Over the course of ten years I graduated from a ZX Spectrum to a Commodore Amiga before leaving for university and its PCs. But when my hobby and I both went on holiday together, it was the amusement arcades we haunted. The gambling machines and “one-armed bandits” – a name for them that I can only ever hear in softly Lancastrian quotation marks – interested me not at all. I always wanted to play on the video games.
My mum has often said that to see me, aged 8 and older, connected by a sweaty child’s grip to the clunky joystick of one of the old upright cabinets, was like witnessing a drawn-out, non-fatal electrocution. Whatever the game – and initially they were pixellated beauties like Defender and Asteroids, gradually improving through Pac-Man and Mappy to Rastan, Time Pilot and Spy Hunter – I would utterly drop myself into it, and flail around in sympathy with the activity of whatever object I happened to be controlling.
Alongside my books, these were also my books. They were flights of fancy, silly experimentations, confusing Japanese imported weirdnesses. The ones I still love the most had their simple but – for a child, at any rate – enchanting narratives: even Space Invaders has its cliffhangers, and permits the player to express their own skills and cunning in a way that makes me smile now, to think of how much it made an occasionally lonely, awkward little kid smile back then. I was in love.
And then we moved away, and then I went to university, and then they built houses on Knott End’s failing arcades, and then – much as it brings me to tears to even Google it – the gravitational centre of my gaming world, Fleetwood Pier, burned down. Yet, even now, along the Fylde coast, a few of the old uprights still survive. None of the beautiful cocktail (or table-top) cabinets. But in between the far more prevalent bandits, and the Houses of the Dead, and the racing games, there are rare and beautiful gems. You have to hunt them out, though.

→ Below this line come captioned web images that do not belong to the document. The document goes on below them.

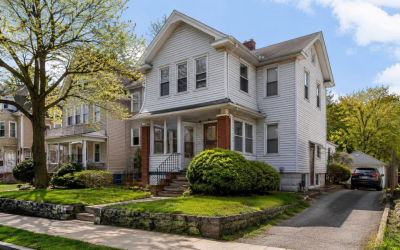 How Much Equity Do You Need to Sell a House With a Tax Lien and Still Walk Away With Money?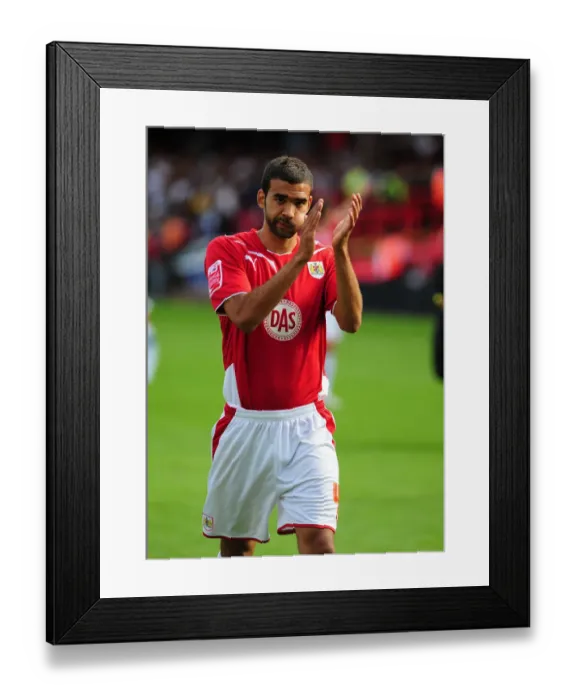 Framed Print : Bristol City vs Crystal Palace: 09-10 Football Showdown - A Season to Remember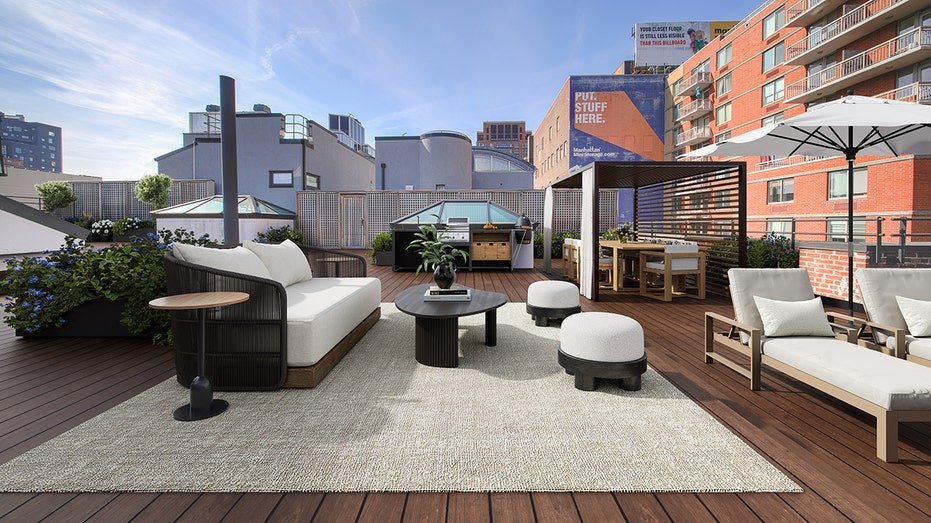 The external terrace is characterized by many areas of the hall, as well as an outdoor kitchen and a dining area.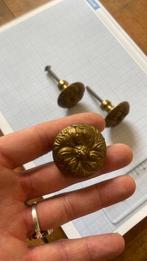 BLOEM Kastknoppen / Ladeknoppen, antiek messing deur knopjes, Antiek en Kunst, Ophalen of Verzenden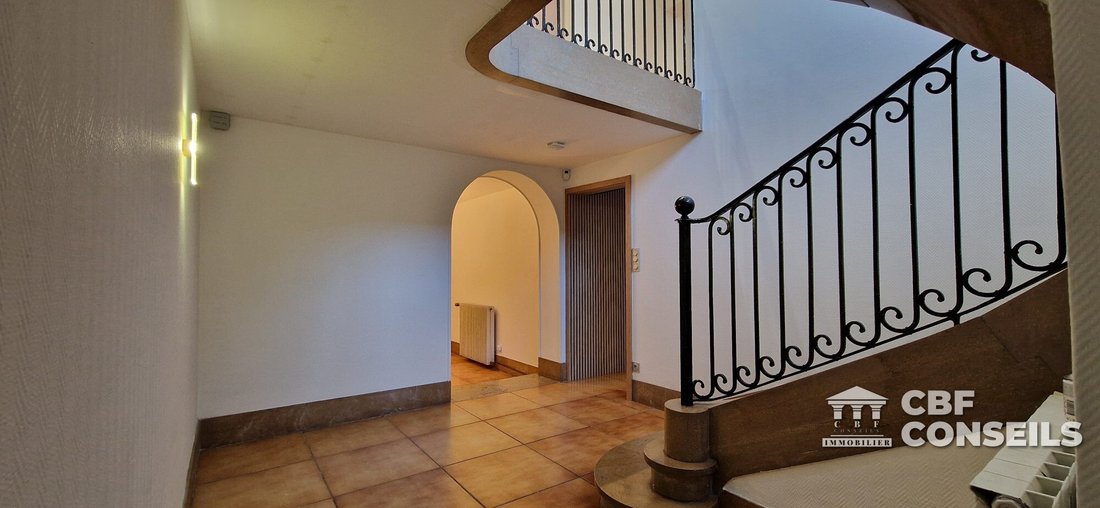House in Chalon-sur-Saone, Bourgogne – Franche-Comté, France 3 - 18586127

On our last full day on the coast recently, while K. watched the royal wedding, I wandered into Blackpool proper and tried a few of the arcades. The piers were an odd mix of brand new video games, bandits, those machines that have piles of tenpences and even tuppences stacked on precipices, and incredibly ancient animatronic rifle ranges operated – or more often not – by infra-red signals. Coral Island was about the same, and its flashiness and size – it has an electric train to take families on a tour round its ceiling at second-story height – didn’t impress me much.
Only as I was about to give up, far enough south for the shops to start turning back into hotels in preparation for the Pleasure Beach even further down, did I try out one last arcade. And it was largely much of the same. Except… tucked into a corner, demure and lovely, was a Ms. Pac-Man. I played it with a wistful smile: it wasn’t the same as being back in the halcyon days of my youth, but it was an opportunity to briefly hold in my hands a souvenir of those days.
The Pit,a Amidar, Elevator Action, Carousel and Dig Dug are like the names of long-forgotten girlfriends. The dim light towards the back of the great room at Fleetwood Pier was like the hoverfly dusk you could sit on a porch and enjoy at the end of a hard day’s work. And that smell of wood, hot electronics, fresh rubber seals and cheap carpets or tiles… mixed together, they’re like the taste of the first lips I kissed.